総合格闘技大会の運営団体RIZINが、リオ五輪女子レスリング日本代表の吉田沙保里(33)に、新たな舞台を用意する。同団体の榊原信行実行委員長(52)が28日、吉田に12月31日のRIZIN大会(さいたまスーパーアリーナ)出場へ正式オファーを五輪後に出す考えを明かした。前人未到の五輪4連覇をひっさげ、吉田が総合格闘技に挑戦する可能性が出てきた。

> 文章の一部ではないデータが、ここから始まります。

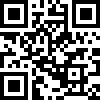 https://iscanews.ir/xdWC8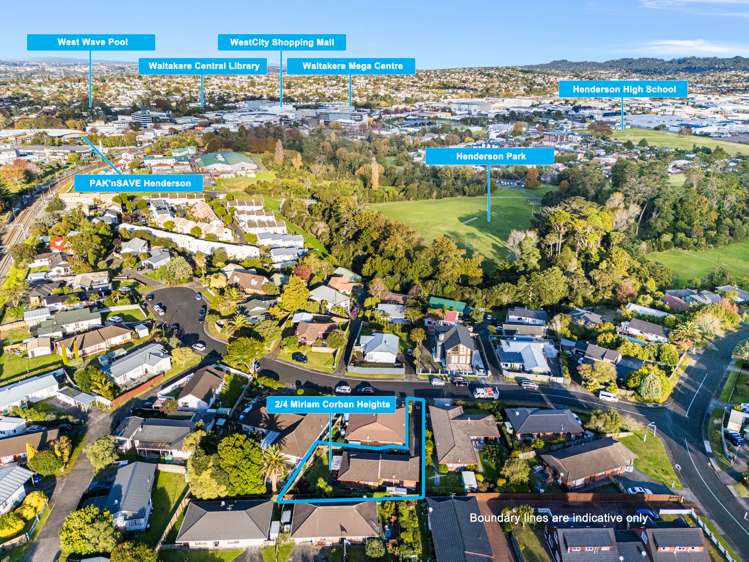 2/4 Miriam Corban Heights Henderson_6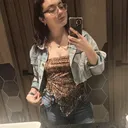 @macame95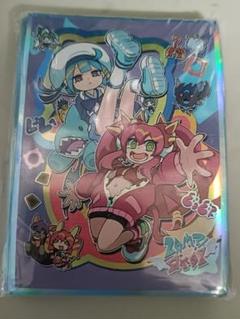 遊戯王 PSA10 現存321枚 Ｅｖｉｌ★Ｔｗｉｎ キスキル プリズマティック 2025年最新】リィラ psa10の人気アイテム - メルカリ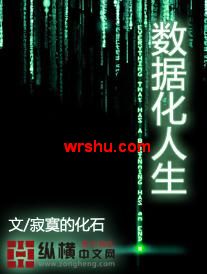 ���ݻ�����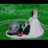 Chode421's profile image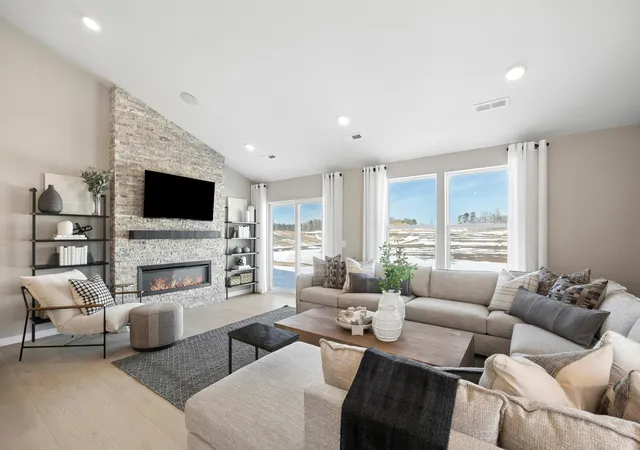 Photo 1 of Sale Pending at 1846 Tamarack Rd, Shakopee, MN 55379 | MLS# 7148626 | Listing updated on 2026-09-26
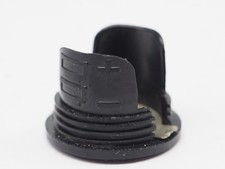 Contax 139 Yashica FX-D FX-3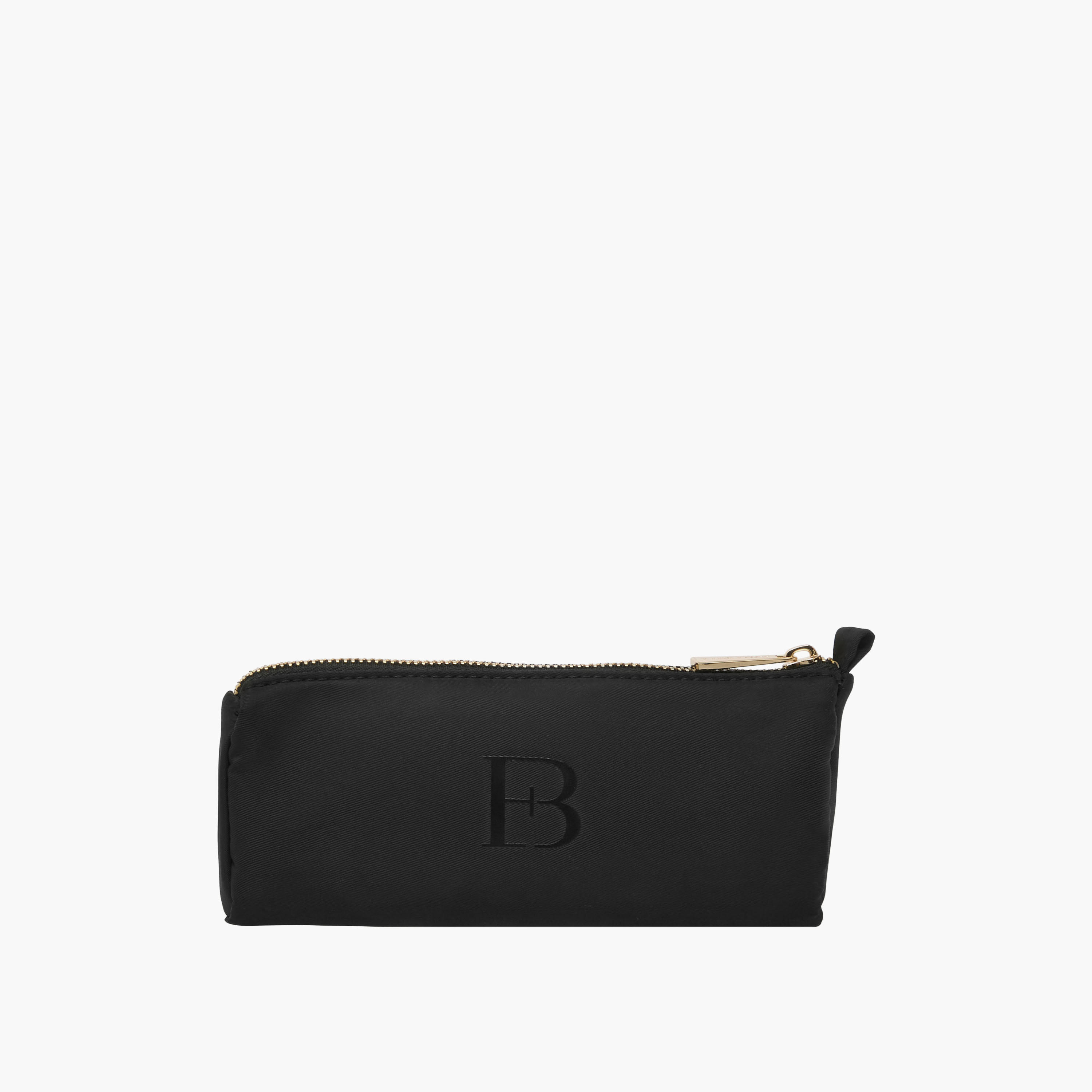 Flora Bella Solid Backpack with Pouch-women-bagsandwallets-backpacks-image-5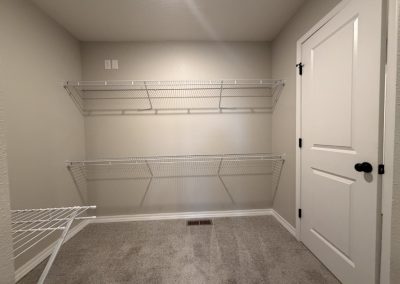 840 Shorthorn Ln (19) Flintrock Homebuilder, Home Builder Springfield MO 4.13.26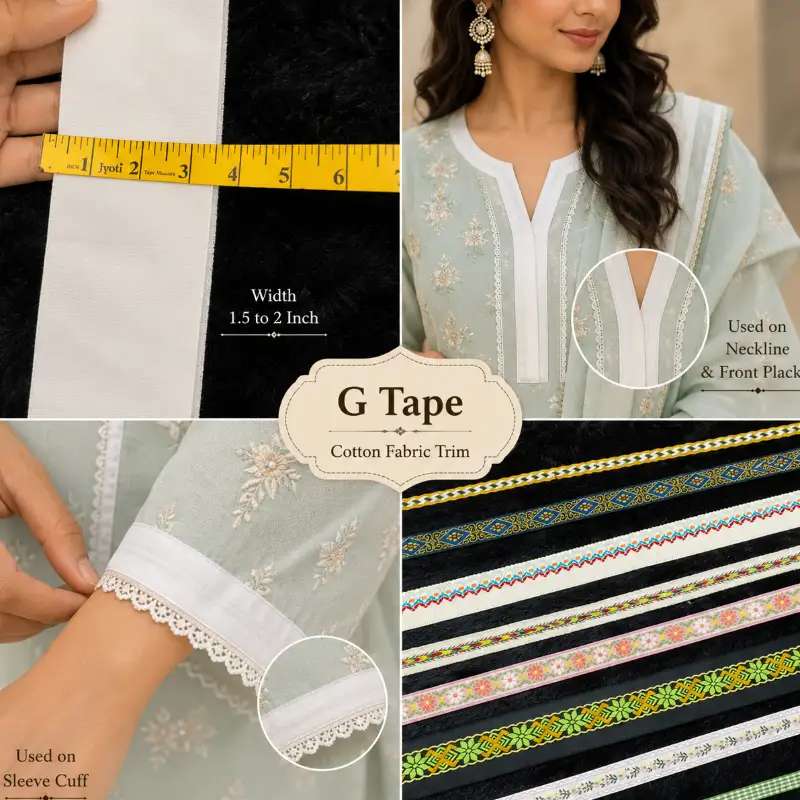 G-Tape view 4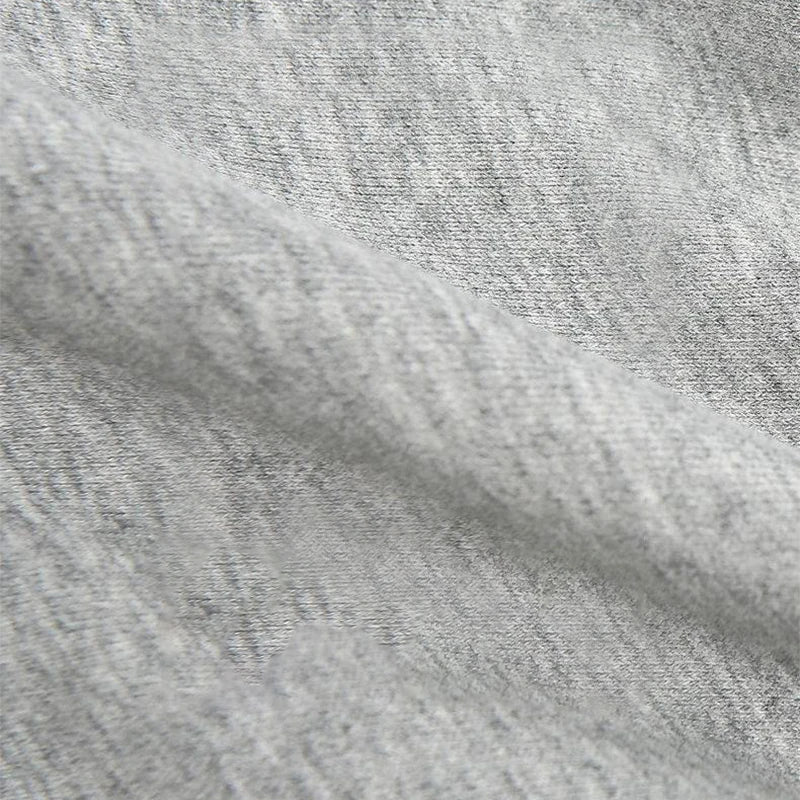 Ultimative Kinder-Sweatpants für Komfort und Stil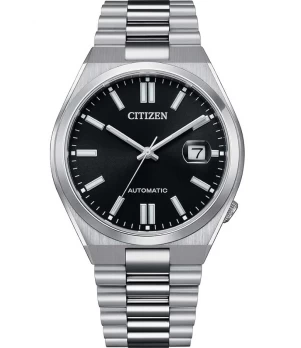 Ceas Barbati, Citizen, Tsuyosa NJ0150-81E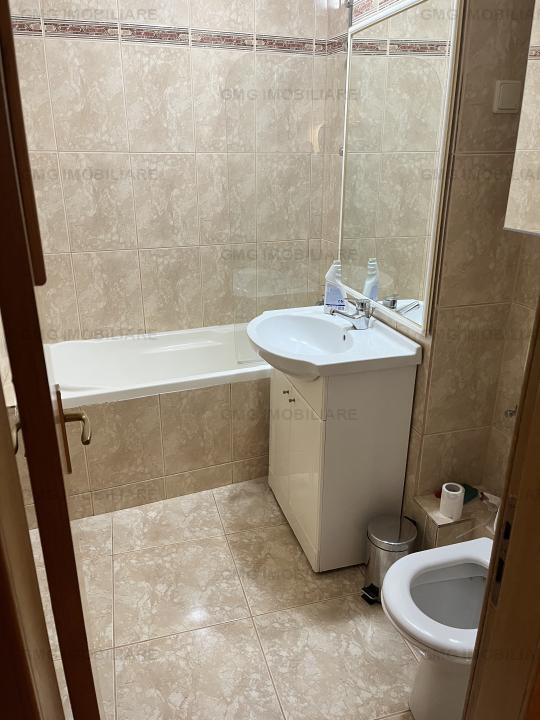 Apartament 2 camere TEI - foto 8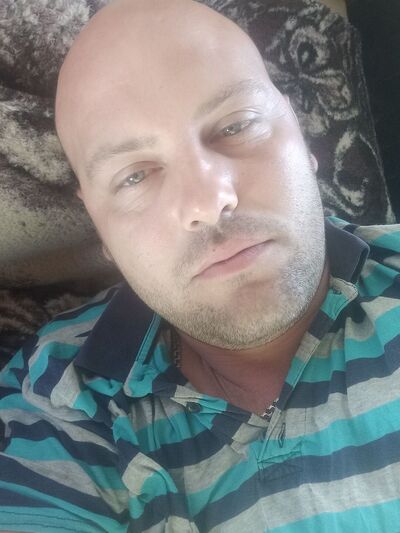  --,   , 39 ,   ,   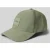 Boss Baseballpet met logodetail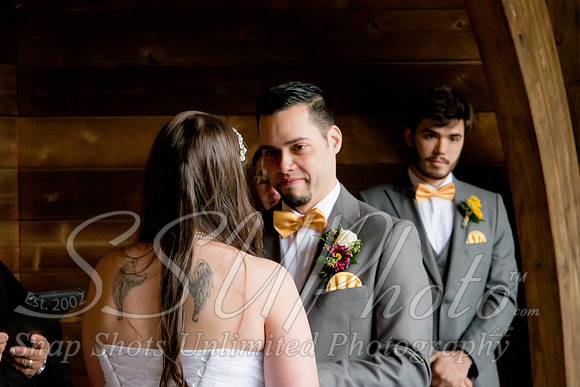 0448ceremony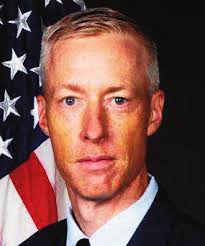 Holocaust: Never Forget Base FES exercises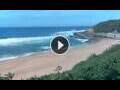 Webcam Ballito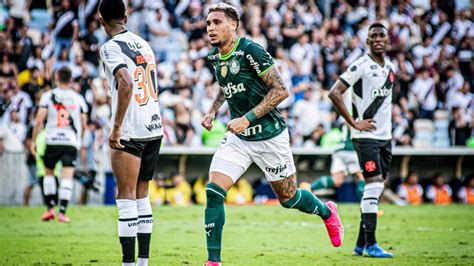 Rafael Navarro Pode Deixar O Palmeiras Para Atuar No Colorado Rapids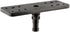 Scotty 367 Universal Fish Finder Mount - Up to 9" Display , Black...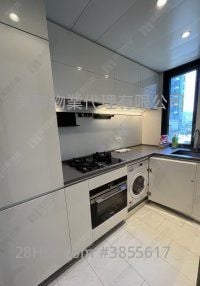 Lp6 Sell 2 Bedrooms 495 ft²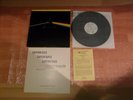 Pink Floyd - Dark Side Of The Moon- MFSL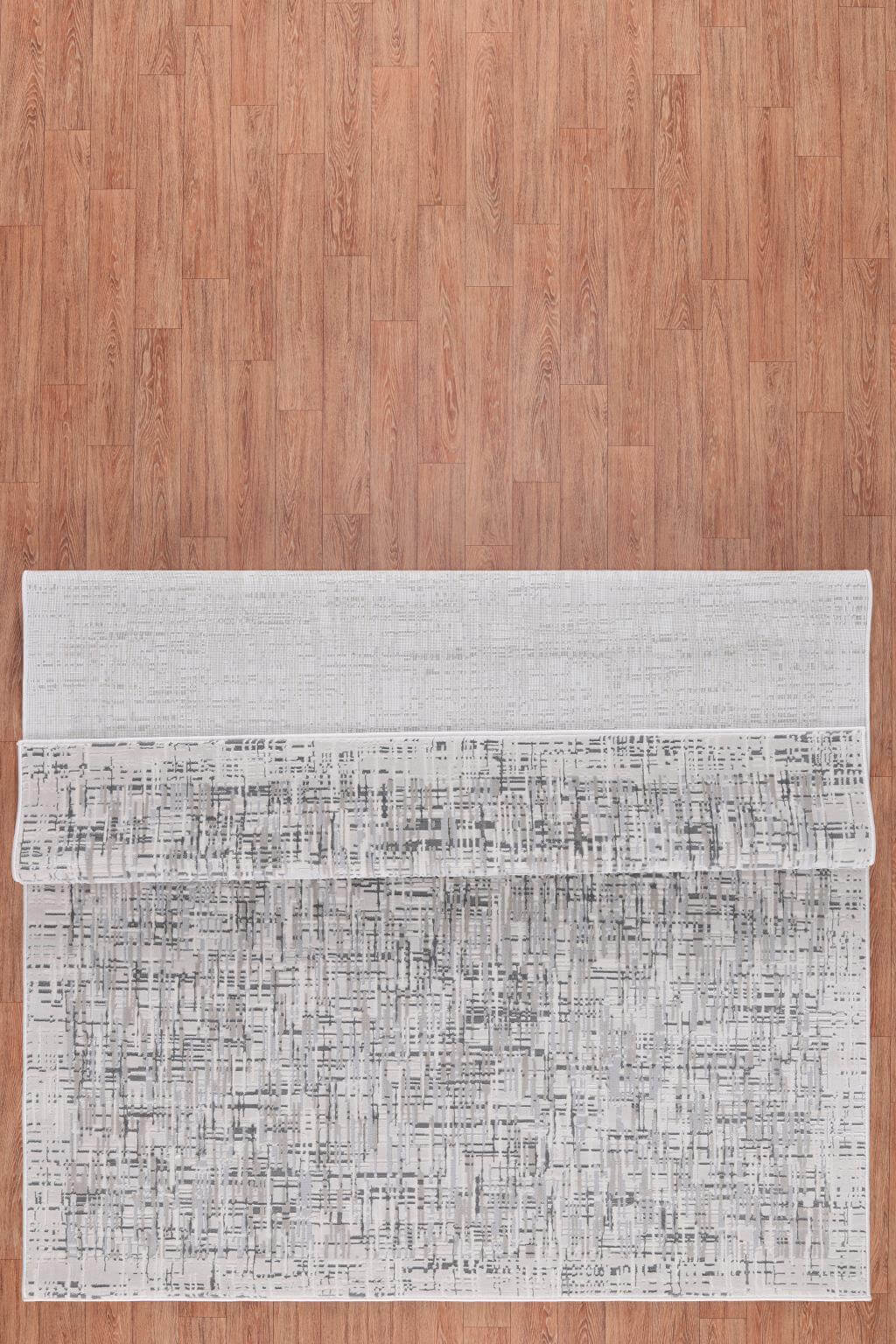 MDA Rugs Nevada Collection NV09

 五輪金メダリストの国民的スターが、大みそかに新たな挑戦をする可能性が出てきた。榊原実行委員長は「吉田選手がアマレスを引退するとかではなく、彼女の勇気ある挑戦を日本だけでなく、世界に届けるメジャー感のある舞台は整っている。オファーは、五輪が終わったら伝えにいきますよ。ボクは、彼女がやってくれると信じている」と、熱っぽく語った。

 RIZINは、昨年10月に旧PRIDEをつくった榊原氏を中心に発足した。同年12月29、31日の旗揚げ戦は、元大関把瑠都(バルト)の総合格闘技転向や、ヒョードルの復活など話題を集めた。そして、勝負をかける2年目の目玉に、吉田に白羽の矢を立てた。

 発足時からRIZINは、日本レスリング協会と密接な関係を築いてきた。旗揚げ戦には、アマレスで20年東京五輪を目指す山本アーセンを修行の場として出場させた。吉田のライバルとして注目され、東京五輪も目指す村田夏南子は4月の名古屋大会でデビュー。吉田は応援に駆けつけた。今月2日に約1000人を招き「史上最大」と言われた個人壮行会も、裏方として榊原氏が尽力していた。

 「会うたびに誘っていますよ。彼女は『怖い怖い、顔を殴られるのは痛い』って言ってますが、4月に大会を見て、RIZINのことはしっかり理解してもらっていると思う」。RIZINは女子競技にも力を入れ、選手も発掘してきた。村田をはじめ、キック出身のRENA、ブラジル人で女子最強の異名を持つギャビ・ガルシアら人気選手も出てきた。「今や吉田はアマレスだけでなく、五輪代表の顔。総合格闘技に必要な勝ちを導き出せる知性もある。何より、プロとしての魅力にたけている。彼女が総合をやることによって、ほかの競技の五輪代表の人もやりたいと言ってくる」と榊原氏は言う。

 20年東京五輪への挑戦も口にする吉田だが、日本レスリング協会は17、18年の世界選手権には若手を起用する方針。昨年末に所属先のALSOKを退社した吉田は「新しいことにチャレンジしたい」とも話している。リオ五輪後、吉田がどんな結論を出すのか。大みそかの大会は、フジテレビによる中継も決まっている。「彼女が登場すれば、その瞬間は(視聴率で)紅白をひっくり返せるだけのインパクトがある」と榊原氏は期待した。

 ◆吉田沙保里(よしだ・さおり)1982年(昭57)10月5日、三重・津市生まれ。元レスリング選手の父栄勝さん(故人)の影響で3歳からレスリングを始め、02年世界選手権で初優勝。以来13大会連続で優勝している。五輪は初出場の04年アテネ大会で金メダルを獲得、選手団旗手として臨んだ12年ロンドン大会で3連覇。01年12月から個人戦203連勝中。三重・久居高-中京女大(現至学館大)からALSOKに進み、昨年12月に退社。家族は母と兄2人。157センチ。

 ◆RIZIN(ライジン) 15年10月に創設。正式名称は「RIZIN FIGHTING FEDERATION」で、総合格闘技イベントの開催団体。15年末にさいたまスーパーアリーナで旗揚げ戦を行った。実行委員長は旧PRIDEを創設した榊原氏。統括本部長は高田延彦氏が務める。今後は9月25日に、さいたまスーパーアリーナで14人が参加する無差別級トーナメント1回戦を開催。12月29日に、同所で準々決勝。同31日に準決勝、決勝を行う。トーナメント以外にも、試合が組まれている。

 ▼プロの参戦 同じ格闘技でも、ボクシング、柔道、相撲は、アマチュアの選手がプロの興行に出るには、アマを引退するなど厳しい規約がある。これに対し、アマチュアレスリングは、プロがアマの大会に出ることも、アマがプロの興行に出ることも許容されている。五輪でのプロ解禁は、柔道と同じ1992年のバルセロナ五輪から。最近では、全日本女子プロレスに参戦していた山本美憂が04年にアマレスのクイーンズカップに出場。07年にはHERO’sと契約していた山本“KID”徳郁が、北京五輪出場を目指し、全日本レスリング選手権に出場した例もある。